_DESCRIPTION OF THE TASK:_
Nothing but the lines from the one with "スエードスリッポン | Brunello" down to the one with "Timbre Sur Lettre" should be returned, exactly and with both ends included, from the material below.

_TASK DATA:_
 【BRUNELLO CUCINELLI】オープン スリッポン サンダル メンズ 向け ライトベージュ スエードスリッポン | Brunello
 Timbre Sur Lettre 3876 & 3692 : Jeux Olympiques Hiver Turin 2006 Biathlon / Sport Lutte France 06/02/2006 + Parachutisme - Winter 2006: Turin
* * *
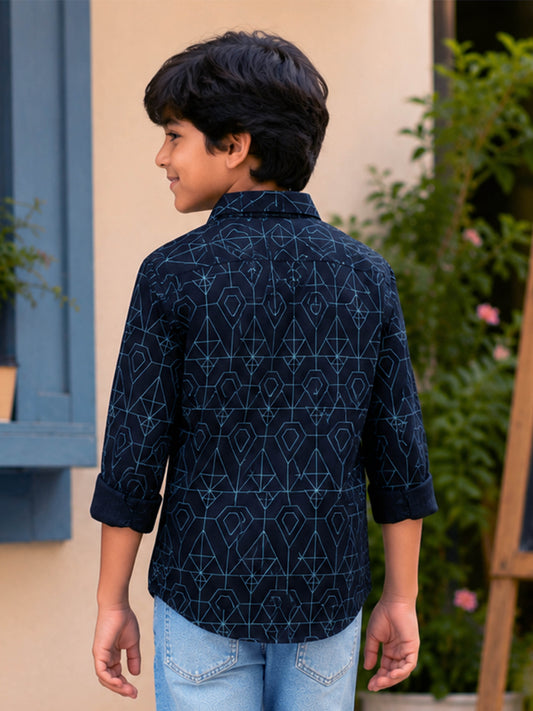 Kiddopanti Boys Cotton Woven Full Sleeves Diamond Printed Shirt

_RESPONSE:_
 【BRUNELLO CUCINELLI】オープン スリッポン サンダル メンズ 向け ライトベージュ スエードスリッポン | Brunello
 Timbre Sur Lettre 3876 & 3692 : Jeux Olympiques Hiver Turin 2006 Biathlon / Sport Lutte France 06/02/2006 + Parachutisme - Winter 2006: Turin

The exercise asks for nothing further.